→ **TASK**: For this exercise, copy the data exactly and omit any images.
────────────────────
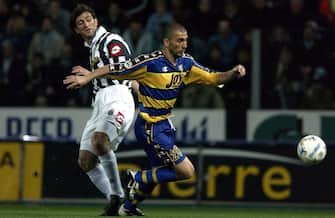 23 Mar 2002:  Marco Di Vaio of Parma and Ciro Ferrara of Juventus in action during the Serie A 28th Round League match played between Parma and Juventus at the Ennio Tardini Stadium in Parma,Italy. DIGITAL IMAGE Mandatory Credit: Grazia Neri/Getty Images
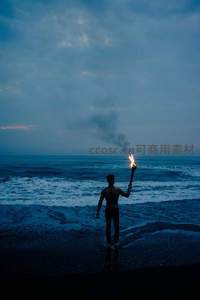 男子海边持火炬伫立，暮色海浪中孤独而坚定的身影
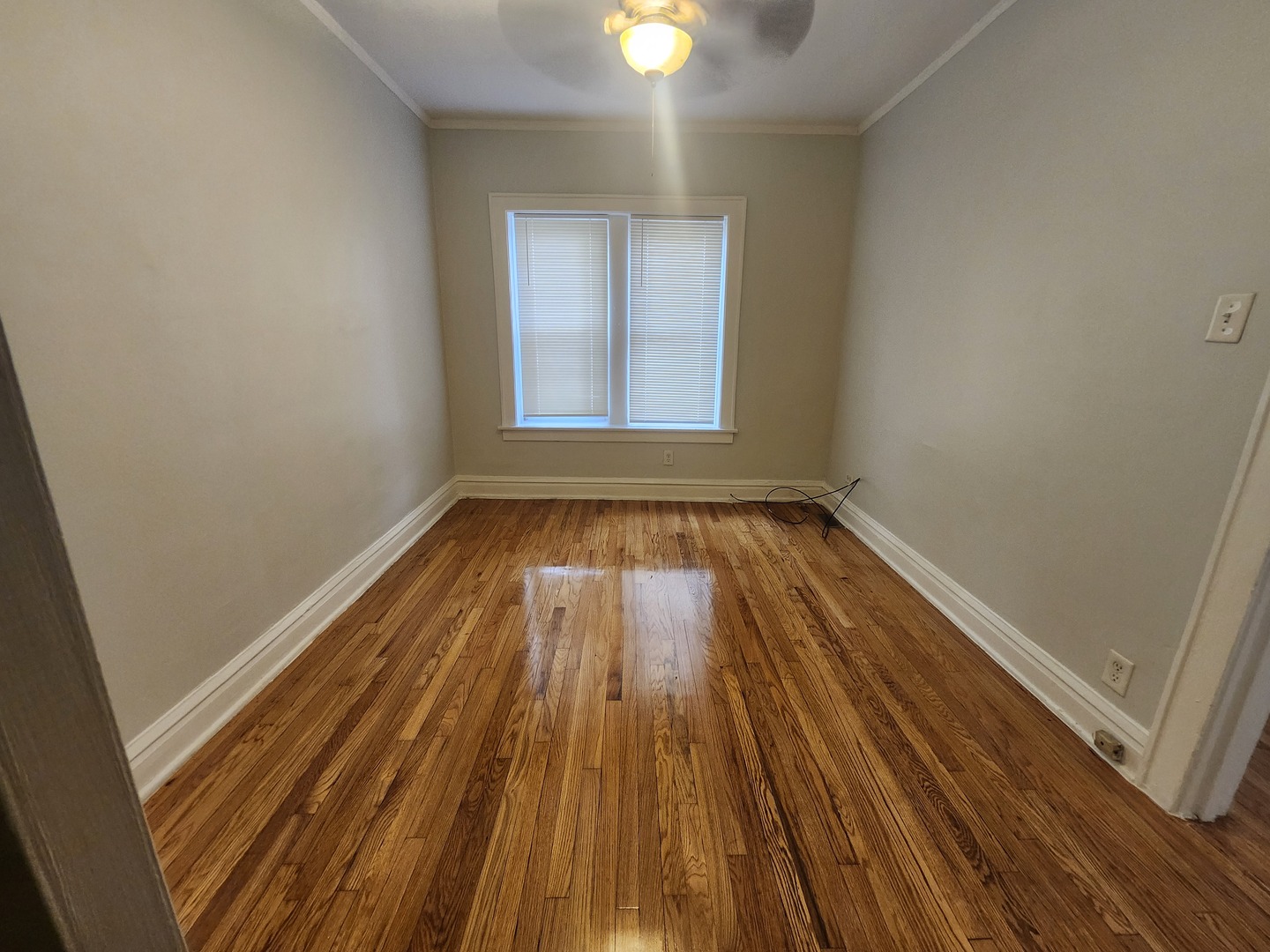 7412 South Prairie Avenue, Unit 1F Chicago, IL 60619 - Photo 6 of 9 a view of a room with wooden floor and window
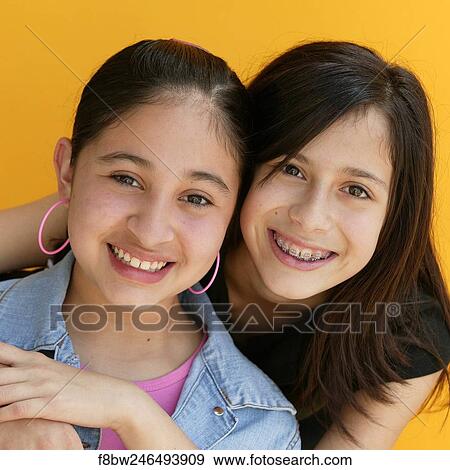Braces, Girls, Inside, Indoors, Studio, Denim View Large Photo Image Stock Photo - Braces, Girls, Inside, Indoors, Studio, Denim. Fotosearch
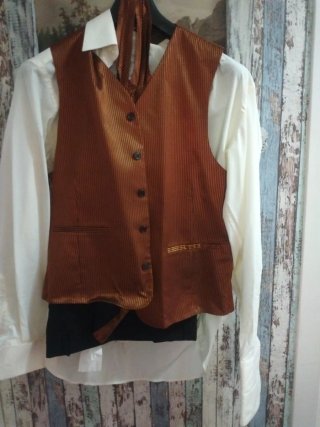Trajes de novio negro con raya cobriza .completo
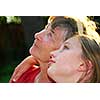 Portrait of a grandmother and granddaughter looking up with hope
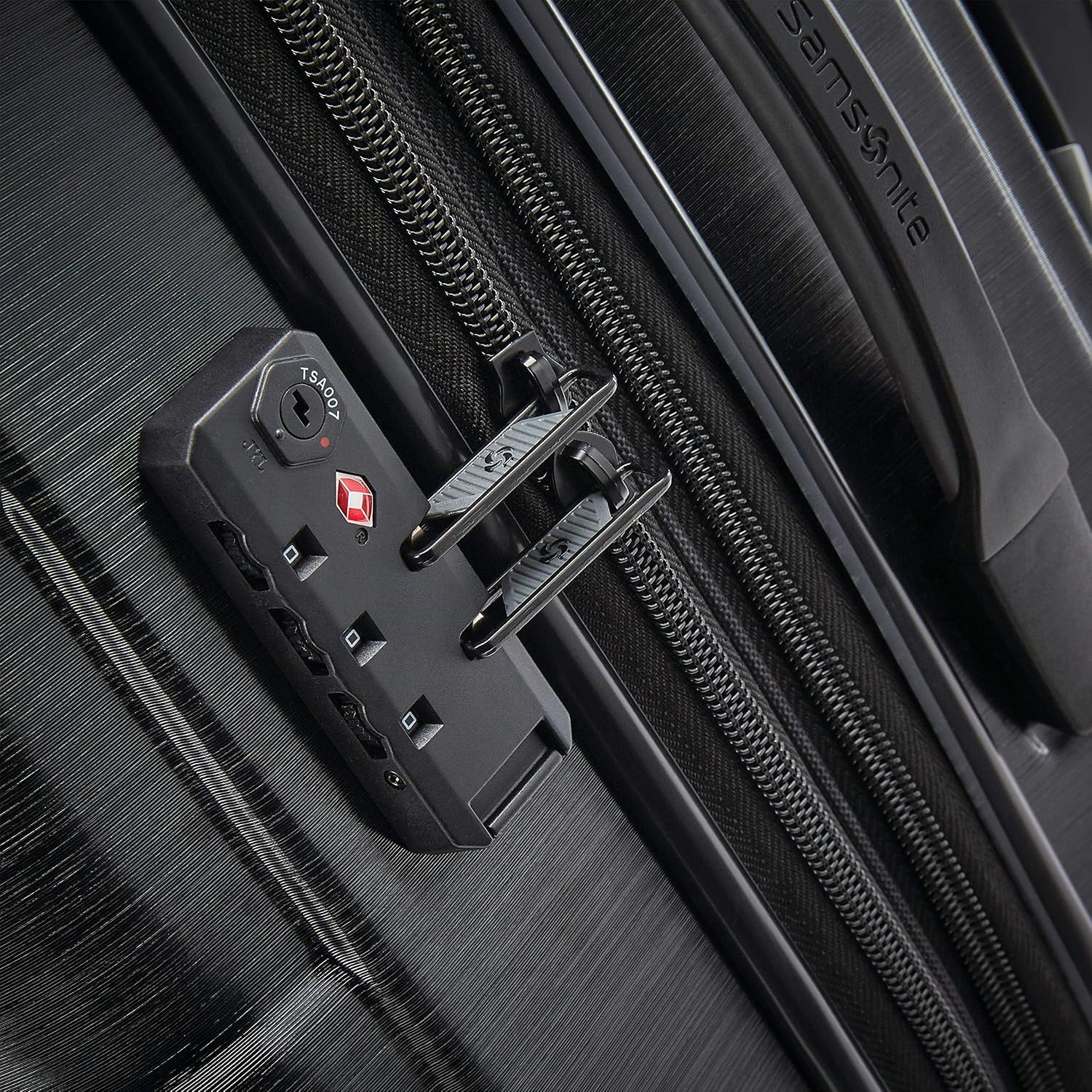 Close-up of the built-in TSA lock shows the bag can be opened by airport security without being broken into. The TSA-approved combination lock reassures travellers that their belongings stay secure…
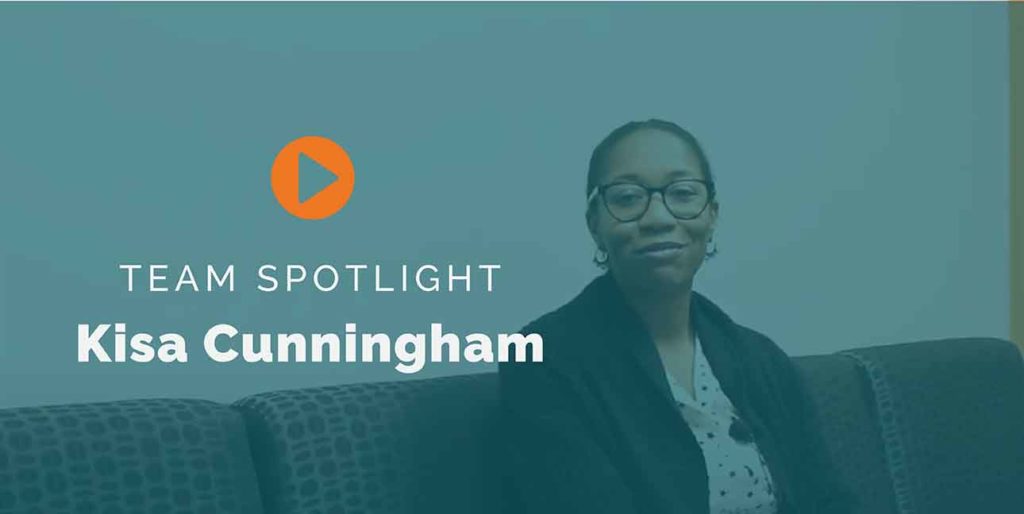 A photo of TOC staff member, Kisa Cunnningham sitting on a couch.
────────────────────
→ **RESPONSE**:
 23 Mar 2002:  Marco Di Vaio of Parma and Ciro Ferrara of Juventus in action during the Serie A 28th Round League match played between Parma and Juventus at the Ennio Tardini Stadium in Parma,Italy. DIGITAL IMAGE Mandatory Credit: Grazia Neri/Getty Images
 男子海边持火炬伫立，暮色海浪中孤独而坚定的身影
 7412 South Prairie Avenue, Unit 1F Chicago, IL 60619 - Photo 6 of 9 a view of a room with wooden floor and window
Braces, Girls, Inside, Indoors, Studio, Denim View Large Photo Image Stock Photo - Braces, Girls, Inside, Indoors, Studio, Denim. Fotosearch
Trajes de novio negro con raya cobriza .completo
 Portrait of a grandmother and granddaughter looking up with hope
 Close-up of the built-in TSA lock shows the bag can be opened by airport security without being broken into. The TSA-approved combination lock reassures travellers that their belongings stay secure…
 A photo of TOC staff member, Kisa Cunnningham sitting on a couch.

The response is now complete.